The term "image-warper" is used herein to refer to any apparatus or device capable of performing the image warping process described herein. The term "image warping" herein refers to shape deforming of the captured image. Mere translations, rotations, and scaling, for example as seen in Fig. 1, are not to be considered image warping under the scope of this document.
The terms "center of projection" and "optical center of projection" are used herein to refer to the cardinal point around the optical system. The cardinal point is the
point around which rotation of the optical system does not introduce any parallax.
Other terms for this point exist in the literature, including but not limited to "center of perspective", "camera center", "optical center", and "lens entrance pupil". The above terminology applies as well within the context of a virtual camera, only that no real optical elements are involved.

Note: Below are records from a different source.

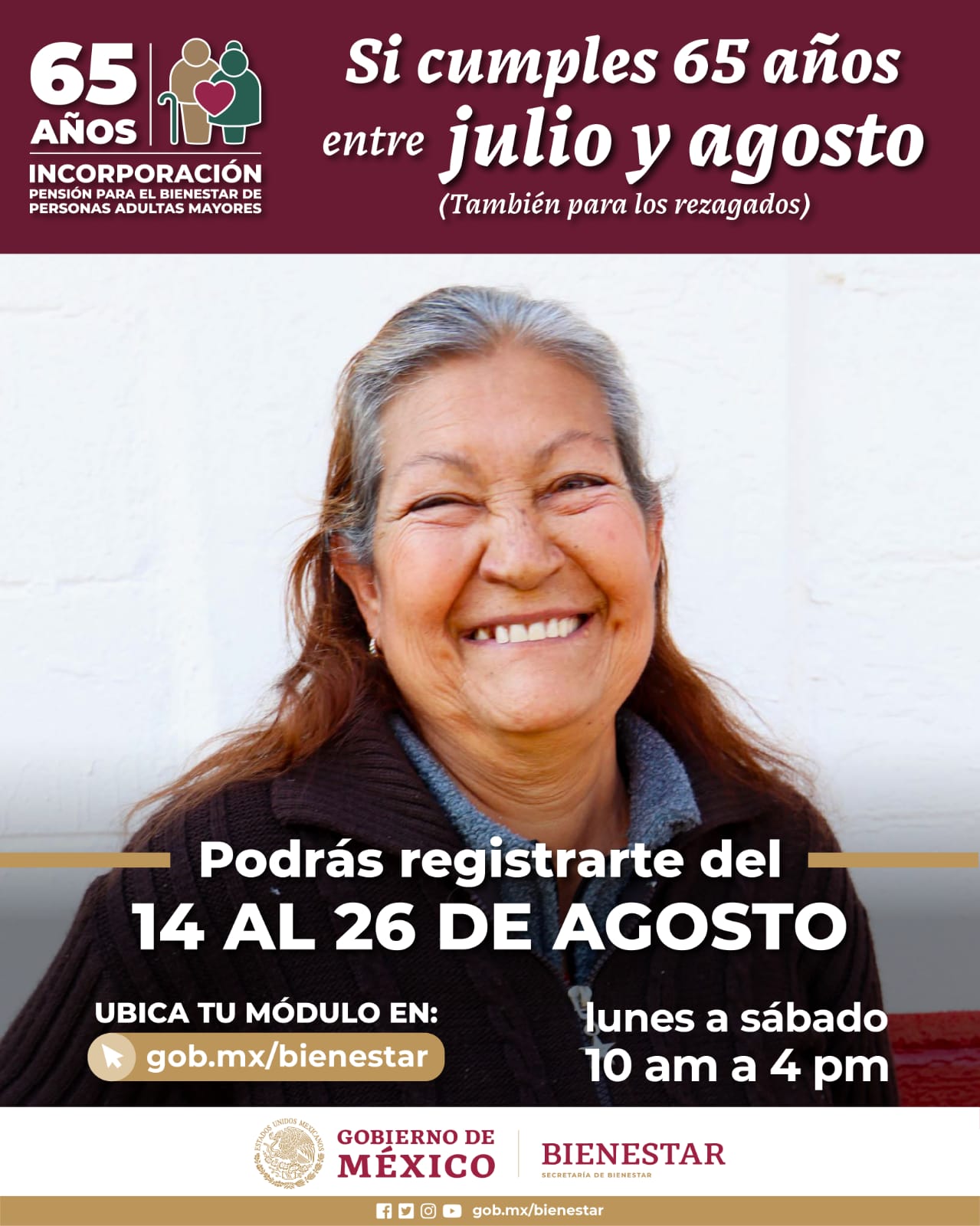 Inicia Proceso de Registro para Pensión Bienestar a Adultos Mayores en Todo el País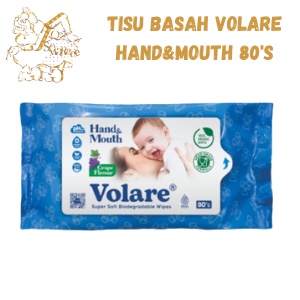 TISU BASAH VOLARE HAND&amp;MOUTH 80 SHEET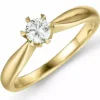 0,30 ct lab grown diamant ring i 14 karat guld 0,30 ct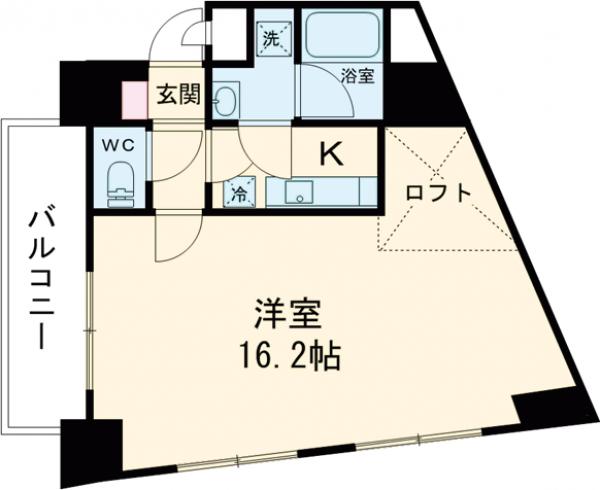 ラシクラスＥＸ東京ベイ・801号室の間取り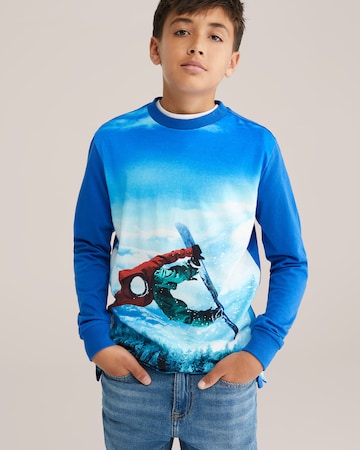 WE Fashion Shirt in Blue: front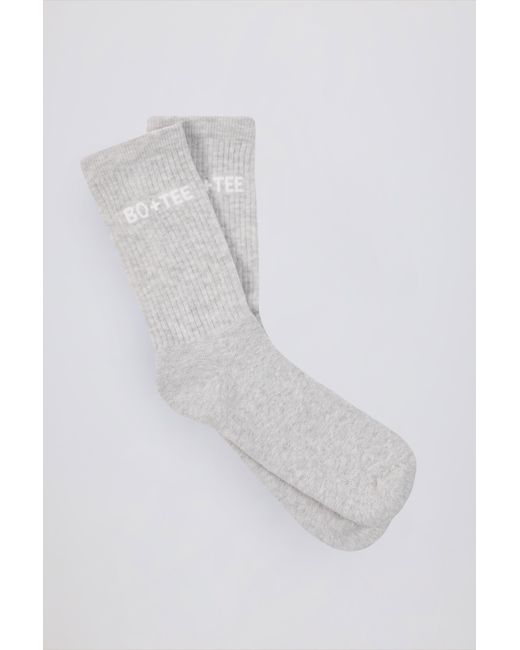 BO+TEE White Ribbed Crew Sock Bundle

The terms "image principal point", "principal point", and "image center of distortion" are used herein to refer to the intersection of the camera's optical axis with the image plane. For some optical systems, the "image center of distortion" and "the image principal point" may not be identical, but for most systems, they are indeed nearly identical and therefore may practically be treated as identical.
It is appreciated that certain features of the invention, which are, for clarity, described in the context of separate embodiments, may also be provided in combination in a single embodiment. Conversely, various features of the invention, which are, for brevity, described in the context of a single embodiment, may also be provided separately or in any suitable subcombination.
Although the invention has been described in conjunction with specific embodiments thereof, it is evident that many alternatives, modifications and variations will be apparent to those skilled in the art. Accordingly, it is intended to embrace all such alternatives, modifications and variations that fall within the spirit and broad scope of the appended claims. All publications, patents, and patent applications mentioned in this specification are herein incorporated in their entirety by reference into the specification, to the same extent as if each individual publication, patent or patent application was specifically and individually indicated to be incorporated herein by reference. In addition, citation or identification of any reference in this application shall not be construed as an admission that such reference is available as prior art to the present invention.